*** Data provided ***

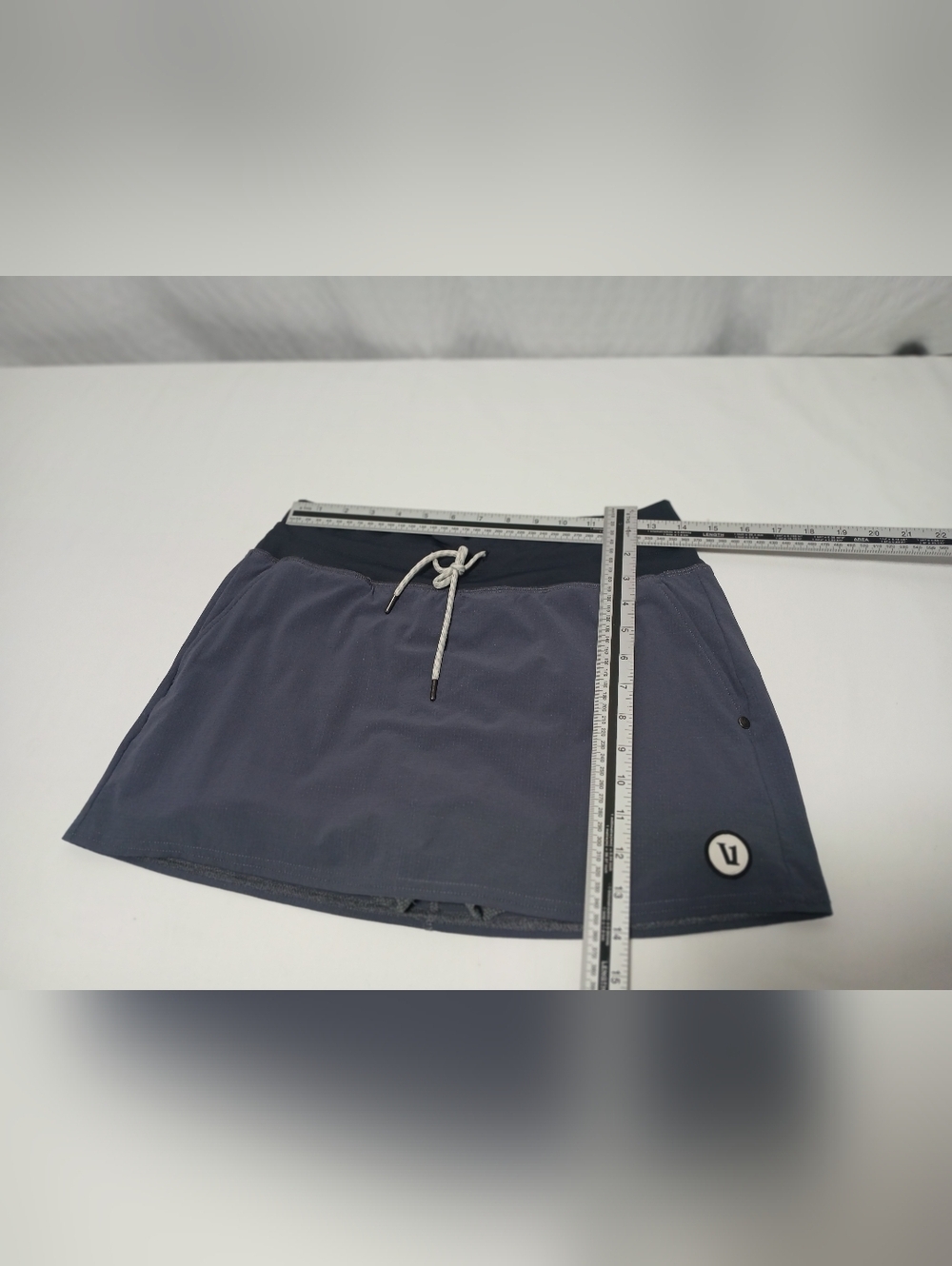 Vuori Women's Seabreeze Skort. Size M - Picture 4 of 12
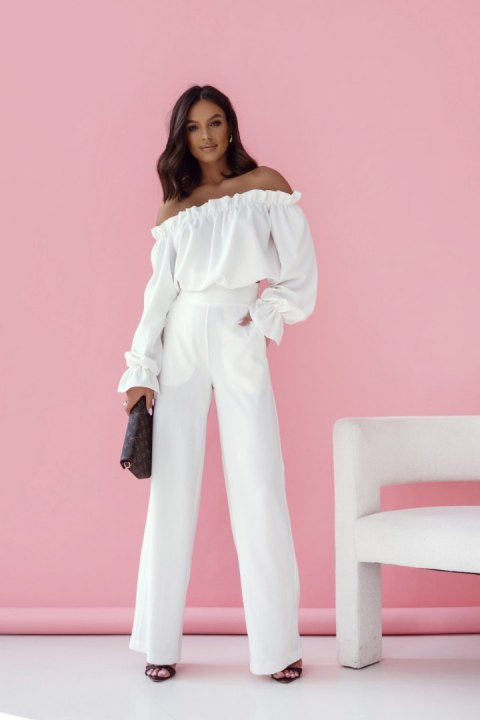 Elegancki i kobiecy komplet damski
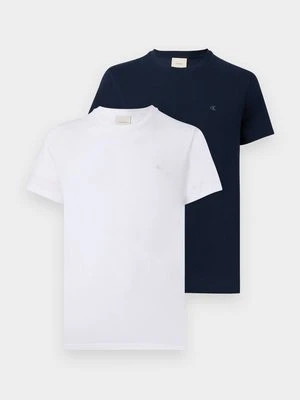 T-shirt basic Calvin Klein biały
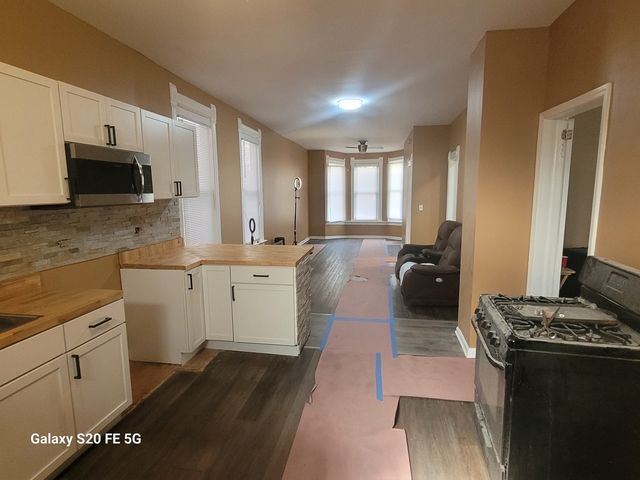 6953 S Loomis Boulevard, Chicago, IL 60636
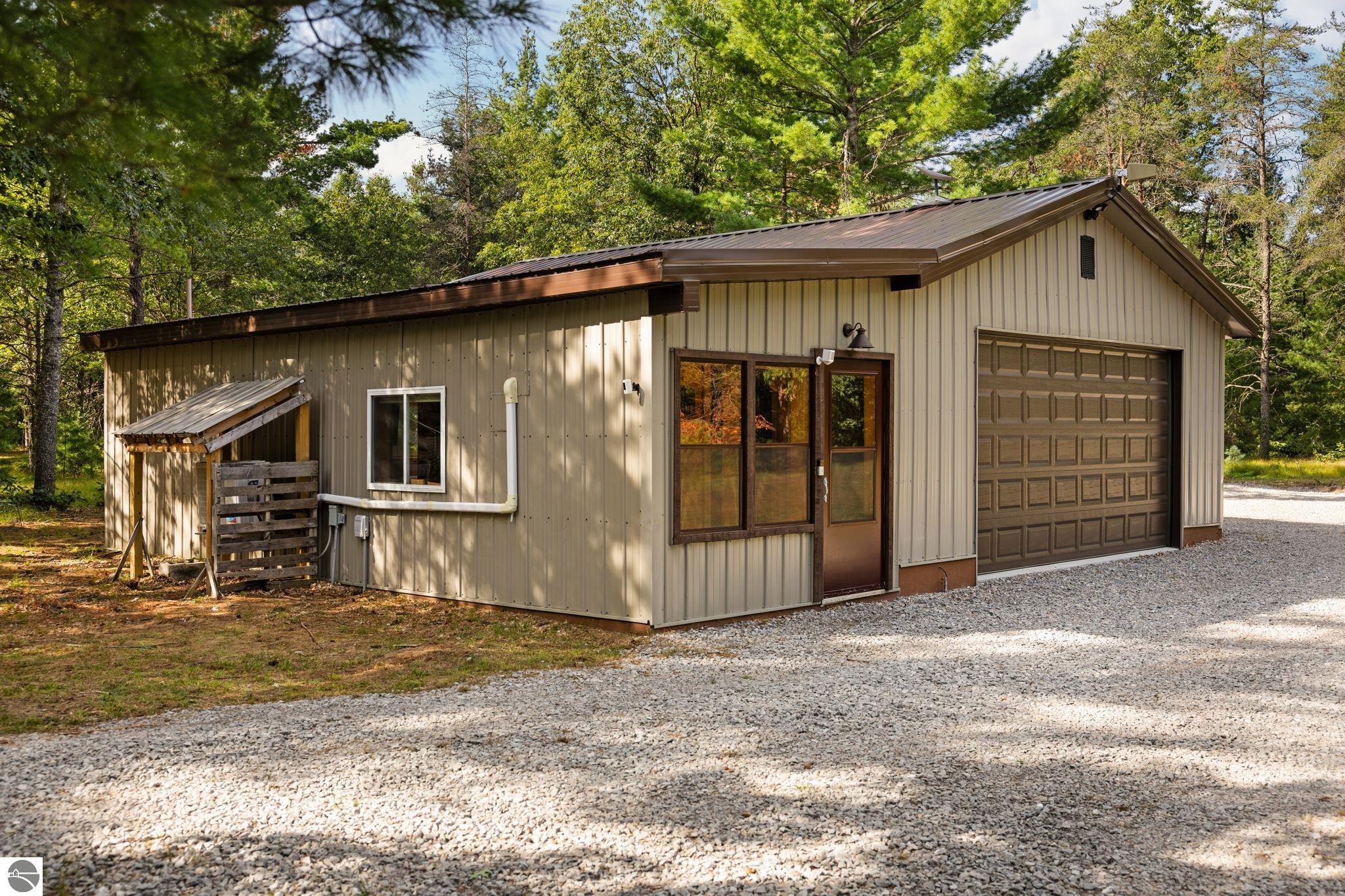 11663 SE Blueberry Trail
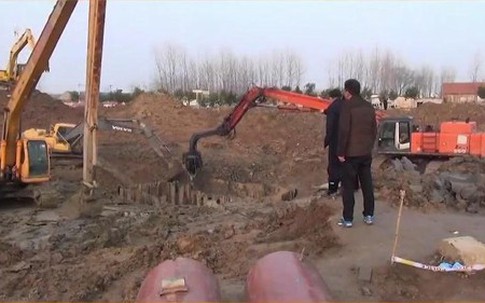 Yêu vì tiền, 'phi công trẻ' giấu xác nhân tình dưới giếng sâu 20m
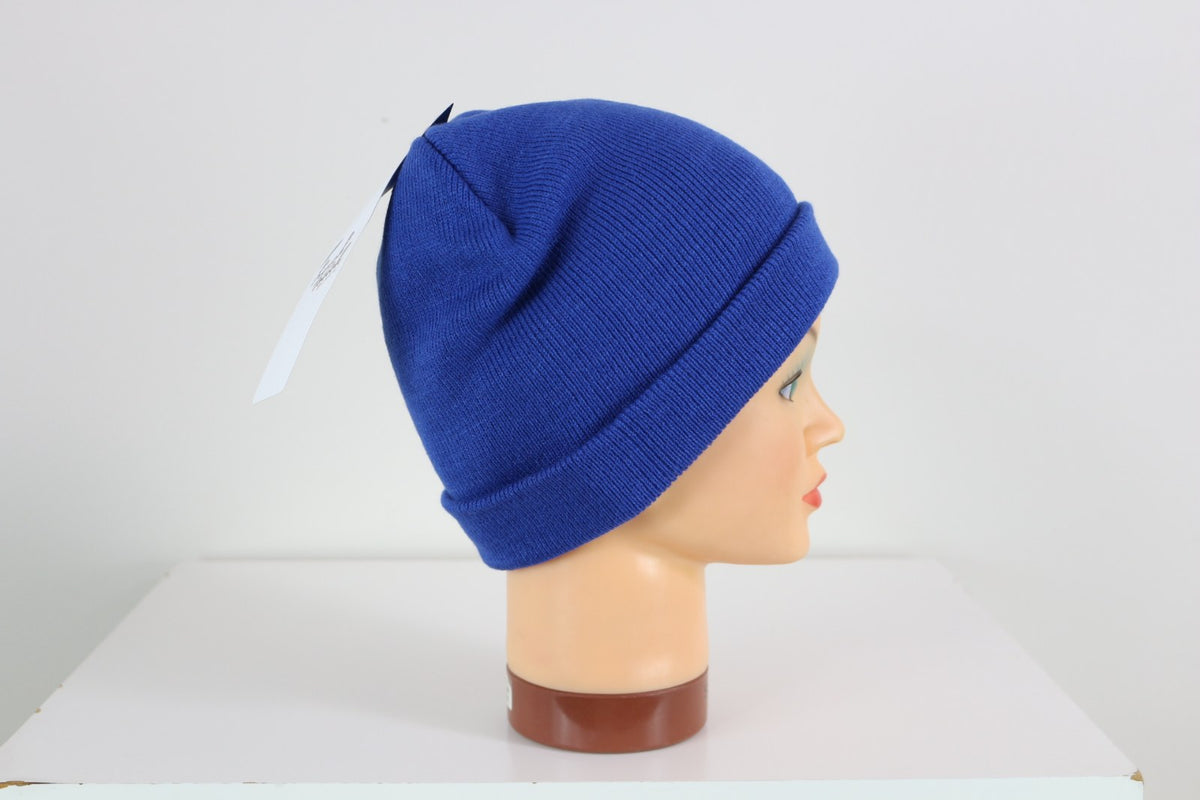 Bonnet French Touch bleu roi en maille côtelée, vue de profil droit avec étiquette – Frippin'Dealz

*** End of Data provided ***
*** Data provided ***

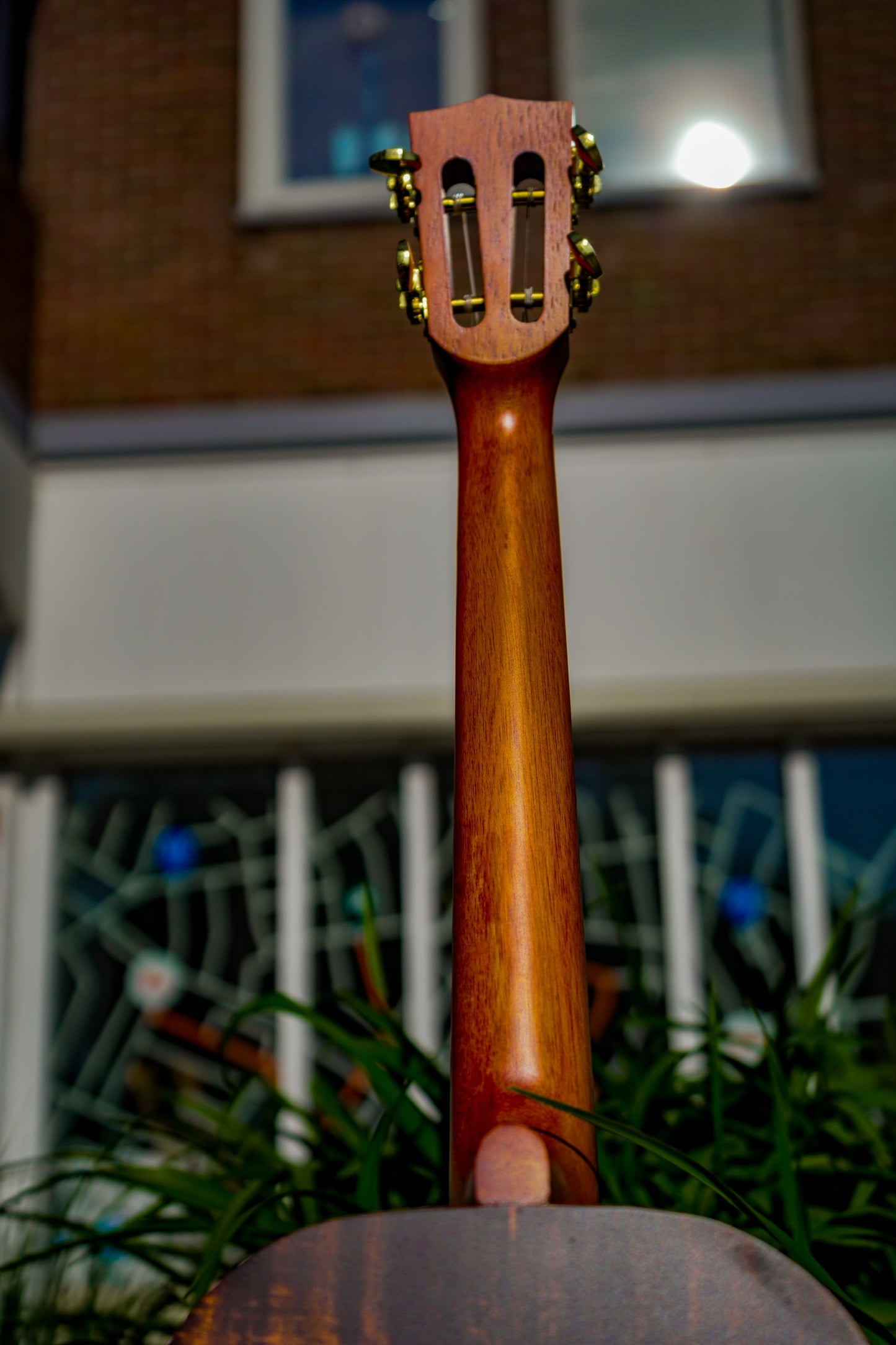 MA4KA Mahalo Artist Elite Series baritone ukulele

*** End of Data provided ***
*** Data provided ***

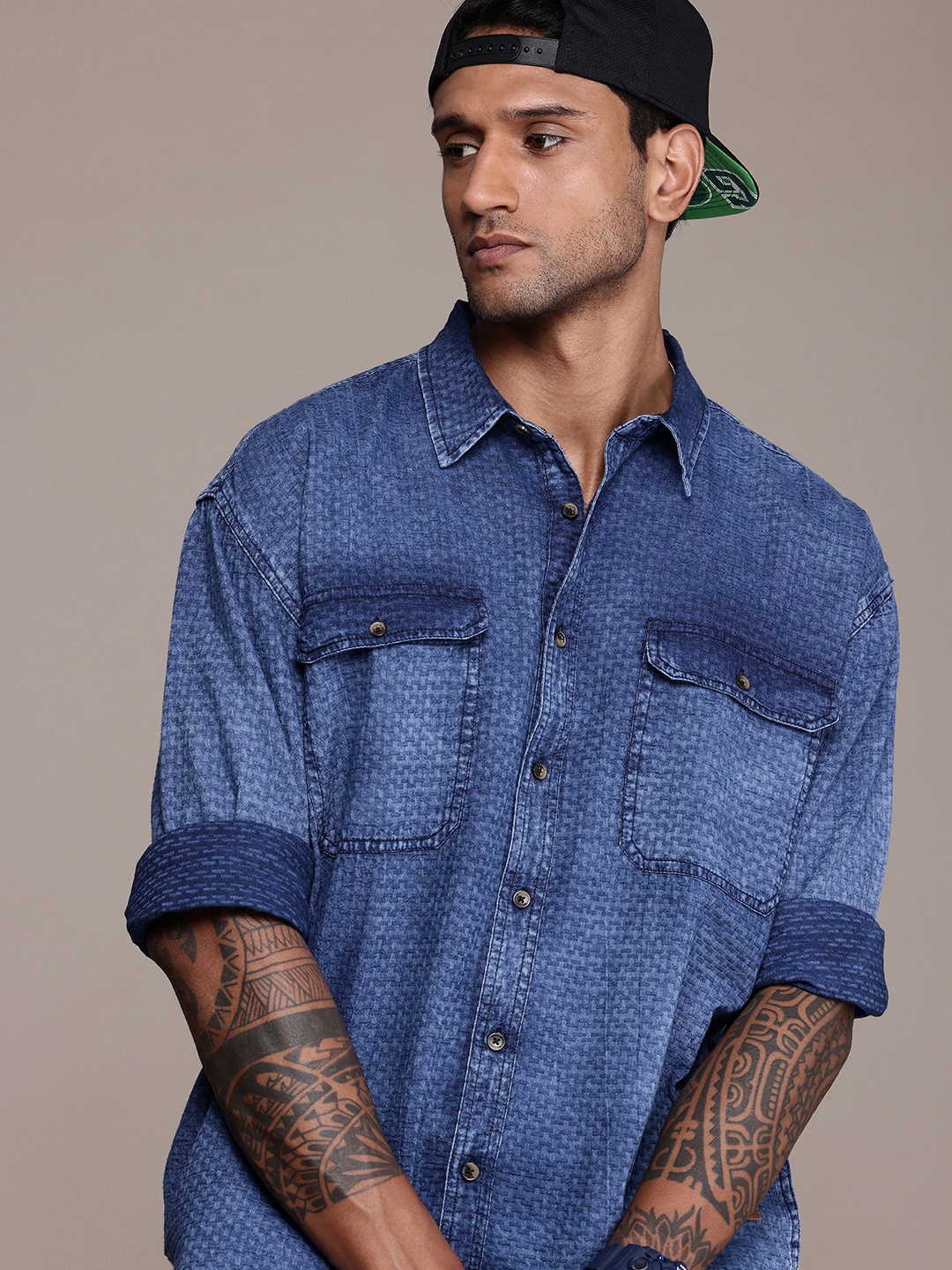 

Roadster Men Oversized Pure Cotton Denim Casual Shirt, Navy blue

*** End of Data provided ***

- _Work order_: In the data above, retype only the stretch from the line with "6953 S Loomis Boulevard, Chicago, IL 60636" through the line with "Bonnet French Touch", word for word, and skip any pictures.

- _Response box_:
 6953 S Loomis Boulevard, Chicago, IL 60636
 11663 SE Blueberry Trail
 Yêu vì tiền, 'phi công trẻ' giấu xác nhân tình dưới giếng sâu 20m
 Bonnet French Touch bleu roi en maille côtelée, vue de profil droit avec étiquette – Frippin'Dealz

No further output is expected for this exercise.